### What to produce
Please retype the records below exactly, leaving out any pictures.

• • • • •

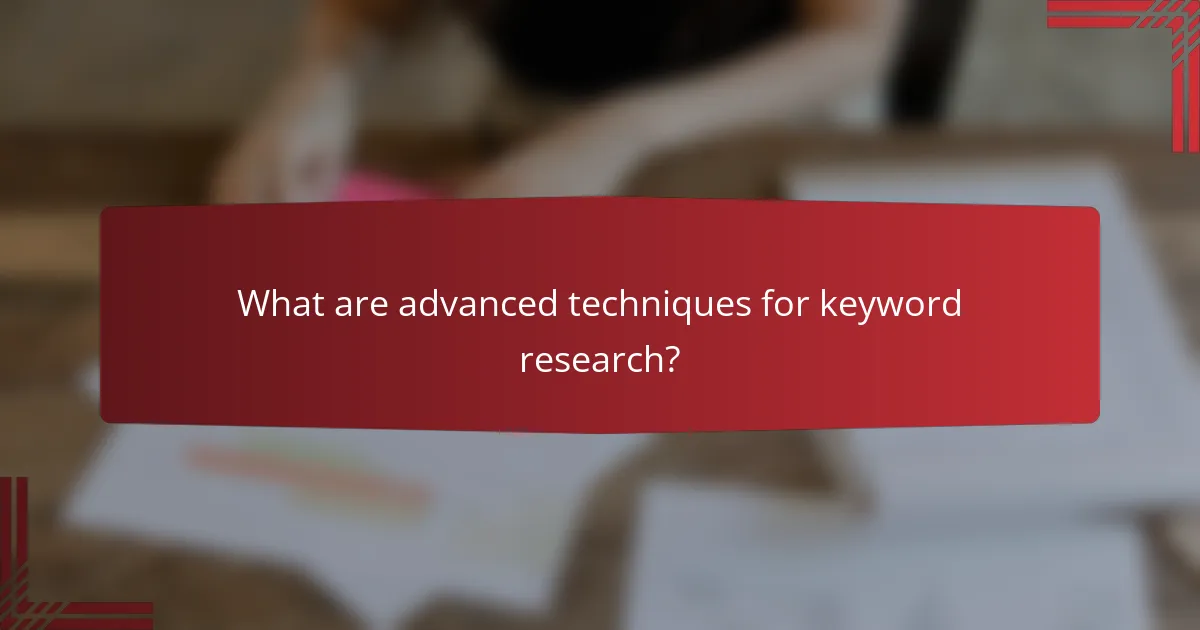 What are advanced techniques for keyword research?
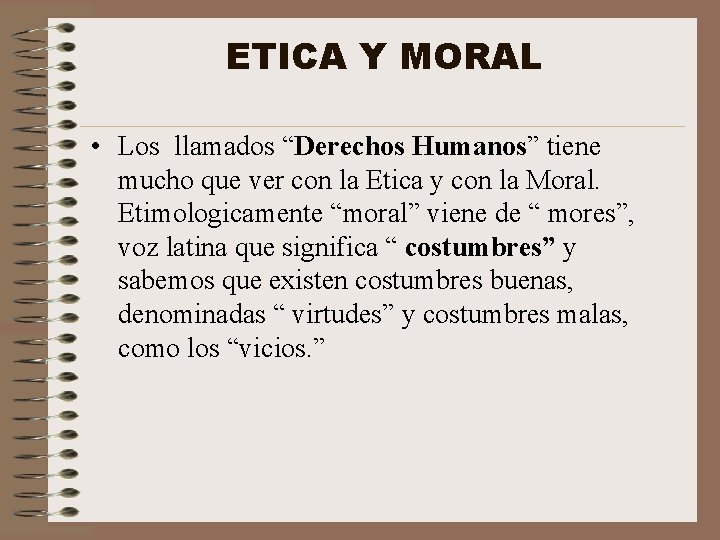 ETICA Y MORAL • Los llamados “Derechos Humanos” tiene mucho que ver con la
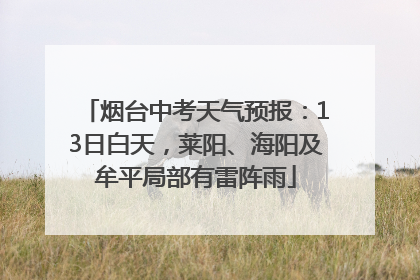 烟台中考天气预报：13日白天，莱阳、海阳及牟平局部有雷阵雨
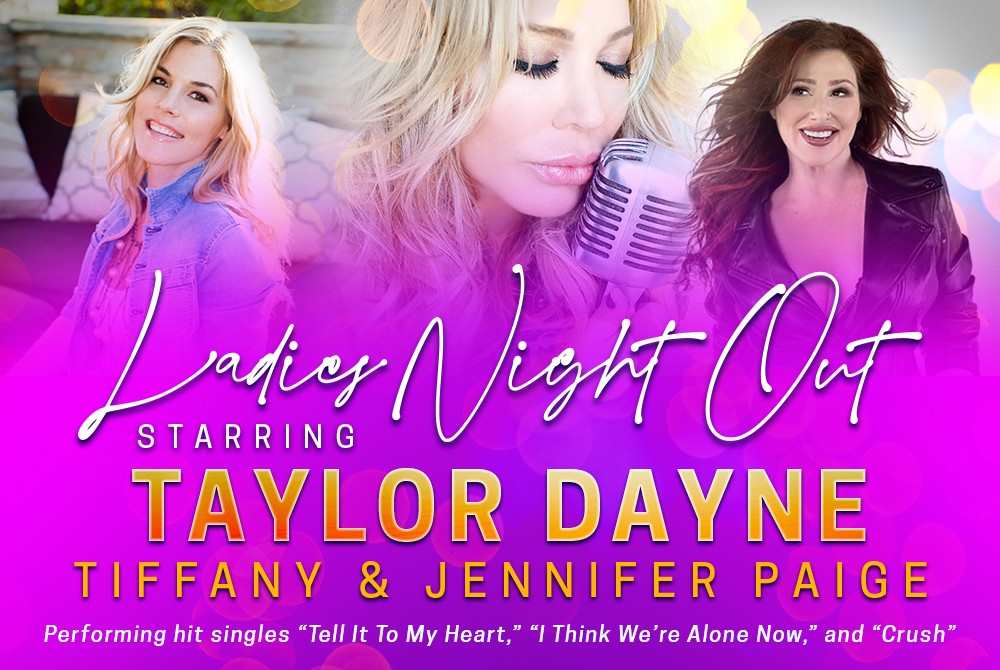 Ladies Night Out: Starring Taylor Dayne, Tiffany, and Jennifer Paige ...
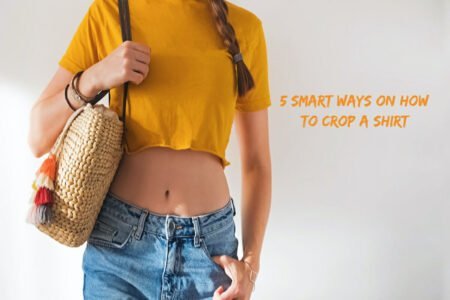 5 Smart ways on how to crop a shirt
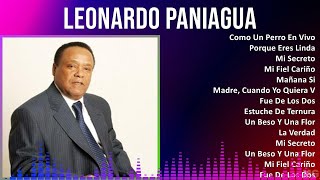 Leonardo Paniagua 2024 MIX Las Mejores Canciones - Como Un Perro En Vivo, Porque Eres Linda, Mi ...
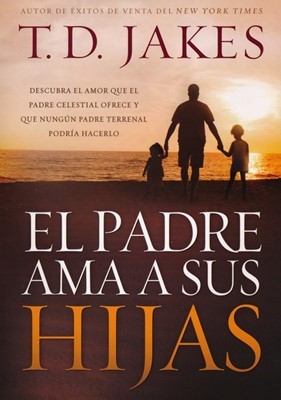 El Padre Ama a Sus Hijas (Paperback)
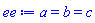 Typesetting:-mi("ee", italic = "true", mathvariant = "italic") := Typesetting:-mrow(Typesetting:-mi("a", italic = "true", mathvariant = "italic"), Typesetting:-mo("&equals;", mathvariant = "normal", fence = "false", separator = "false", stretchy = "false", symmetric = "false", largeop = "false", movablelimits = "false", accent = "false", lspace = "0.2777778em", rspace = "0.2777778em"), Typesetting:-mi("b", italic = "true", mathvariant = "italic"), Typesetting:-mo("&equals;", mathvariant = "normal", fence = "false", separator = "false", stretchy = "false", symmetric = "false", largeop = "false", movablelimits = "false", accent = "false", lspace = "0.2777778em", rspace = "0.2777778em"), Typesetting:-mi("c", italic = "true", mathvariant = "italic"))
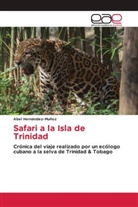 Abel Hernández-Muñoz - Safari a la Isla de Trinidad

• • • • •

### Result
 What are advanced techniques for keyword research?
 ETICA Y MORAL • Los llamados “Derechos Humanos” tiene mucho que ver con la
 烟台中考天气预报：13日白天，莱阳、海阳及牟平局部有雷阵雨
 Ladies Night Out: Starring Taylor Dayne, Tiffany, and Jennifer Paige ...
 5 Smart ways on how to crop a shirt
 Leonardo Paniagua 2024 MIX Las Mejores Canciones - Como Un Perro En Vivo, Porque Eres Linda, Mi ...
 El Padre Ama a Sus Hijas (Paperback)
 Typesetting:-mi("ee", italic = "true", mathvariant = "italic") := Typesetting:-mrow(Typesetting:-mi("a", italic = "true", mathvariant = "italic"), Typesetting:-mo("&equals;", mathvariant = "normal", fence = "false", separator = "false", stretchy = "false", symmetric = "false", largeop = "false", movablelimits = "false", accent = "false", lspace = "0.2777778em", rspace = "0.2777778em"), Typesetting:-mi("b", italic = "true", mathvariant = "italic"), Typesetting:-mo("&equals;", mathvariant = "normal", fence = "false", separator = "false", stretchy = "false", symmetric = "false", largeop = "false", movablelimits = "false", accent = "false", lspace = "0.2777778em", rspace = "0.2777778em"), Typesetting:-mi("c", italic = "true", mathvariant = "italic"))
 Abel Hernández-Muñoz - Safari a la Isla de Trinidad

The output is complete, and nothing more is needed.